A statue of Walton H. Walker was unveiled Wednesday near 8th Army Headquarters at Yongsan Garrison in South Korea. Walker was commander of the 8th Army and is credited with turning around the Korean War by successfully leading his troops in defending Pusan early in the conflict.


By JON RABIROFF | STARS AND STRIPES Published: June 23, 2010

SEOUL — A statue honoring the U.S. Army general who led a desperate stand against invading North Koreans early in the Korean War was unveiled Wednesday in time for the 60th anniversary of the start of the conflict, but in an area where few South Koreans can visit it.

A civic group tried for years to get the monument to then-Lt. Gen. Walton H. Walker erected in a place where local residents could easily learn how the 8th Army commander led the defense of a critical line around Pusan, the only pocket of South Korea not captured by communist North Korea in its June 25, 1950, invasion of the South.

Walker’s Pusan Perimeter stand during the summer of that year set the stage for Gen. Douglas MacArthur’s dramatic and better-known Inchon Landing near Seoul in September, which cut the North Korean supply lines and allowed United Nations forces to eventually push back the enemy.

After efforts to put the statue in a couple of public places failed, the monument found a home next to 8th Army Headquarters at Yongsan Garrison, where a number of U.S. and South Korean dignitaries gathered Wednesday to uncover the 18-foot-tall, bronze-and-granite statue and to remember “the forgotten general of the forgotten war.”

Suh Jin-sup — chairman of the Republic of Korea-U.S. Alliance Friendship Association that funded the $770,000 project — said Walker “will be remembered by future generations” as the man “who saved the Republic of Korea from an extremely precarious state.”

While only people with base access will be able to visit the monument to Walker for years to come, 8th Army officials pointed out that South Koreans eventually will see it when U.S. military operations are consolidated at Camp Humphreys, south of Seoul, and most of Yongsan Garrison is turned over to the government of South Korea.

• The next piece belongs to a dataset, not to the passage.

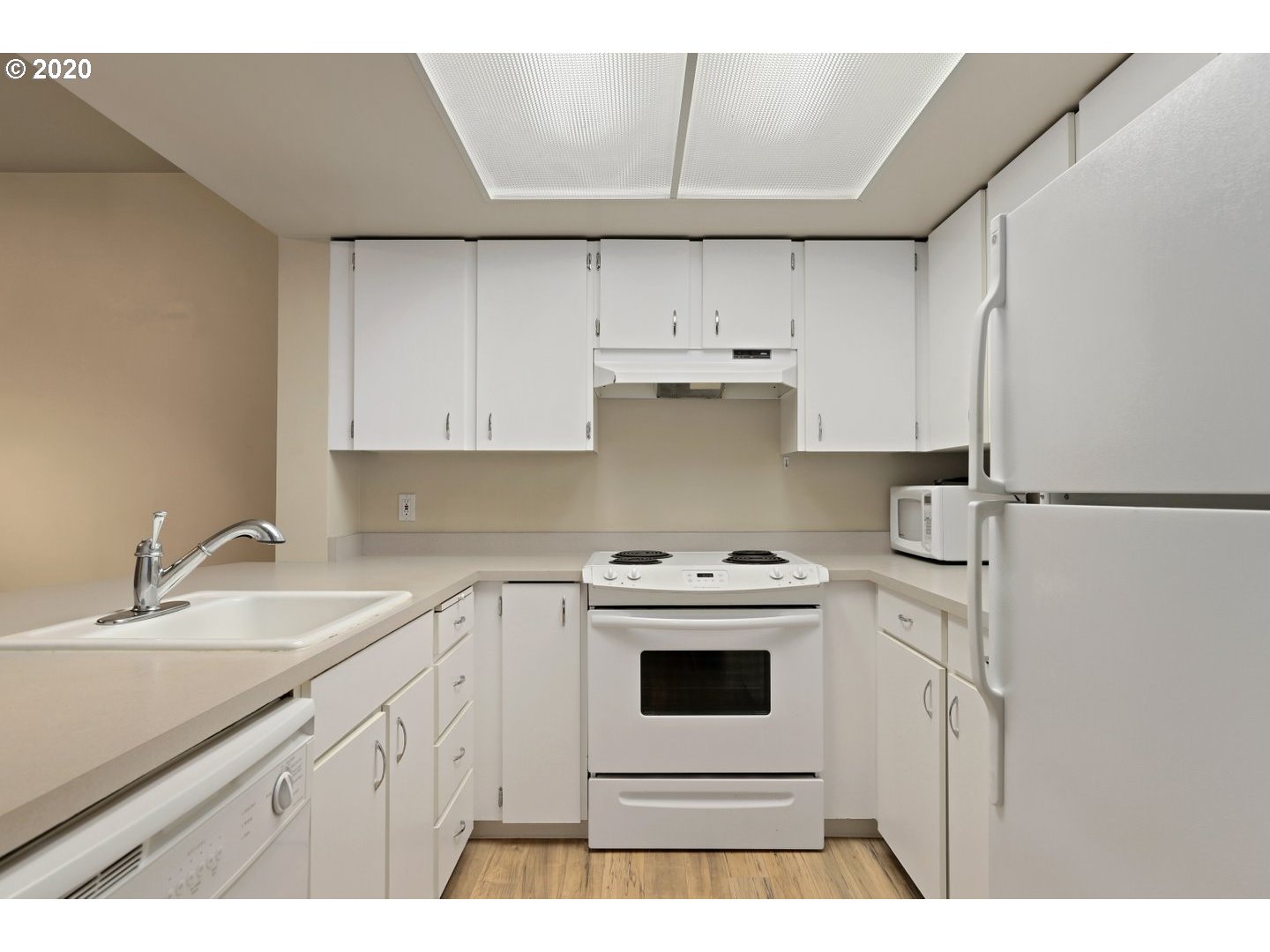 6625 West Burnside Road, Unit 224 Portland, OR 97225 - Photo 9 of 32 Gallery Image 9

That move is tentatively scheduled for 2015 or 2016.

Suh said previously he felt Walker was a more important Korean War hero to South Koreans than MacArthur, and he was frustrated that efforts to find a more public home for the statue were unsuccessful.

In 2005, the United Nations Memorial Cemetery in Busan (the new spelling of Pusan) rejected an association request to place the monument there because Walker was more a representative of the U.S. than the U.N.

The group then asked the city of Daegu — home of Camp Walker, a U.S. military base named after the general — but officials there rejected the statue largely because it was during a period of elevated anti-American sentiment on the peninsula related to the 2002 deaths of two South Korean schoolgirls killed by a military vehicle driven by U.S. soldiers.

Ironically, Walker was killed in December of 1950 when his jeep was struck by a South Korean military vehicle near Uijeongbu. He was promoted posthumously to the rank of four-star general.

U.S. Ambassador to South Korea Kathleen Stephens said “Bulldog,” as Walker was known, led by example.

“If necessary, he intended to be the last American standing” if the North Koreans had managed to make their way into Pusan, she said. “We are inspired by his example today.”

“Because Gen. Walker and his soldiers held the line at the Pusan Perimeter,” current 8th Army commander Lt. Gen. Joseph Fil Jr. said, “Korea stands as a model for the world today — a country devastated by war a mere six decades ago is now one of the world’s leading nations.”



A number of dignataries were on hand Wednesday at Yongsan Garrison in South Korea for the unveiling of a statue of Walton H. Walker, the 8th Army commander who is credited with turning the tide of the Korean War early in 1950 by leading his troops in defending Pusan, the only part of South Korea not overrun by North Korean troops at the start of the war. Among those in attendance were Kathleen Stephens, U.S. ambassador to South Korea, second from the left in the front row, and U.S. Forces Korea commander Gen. Walter Sharp, third from the left.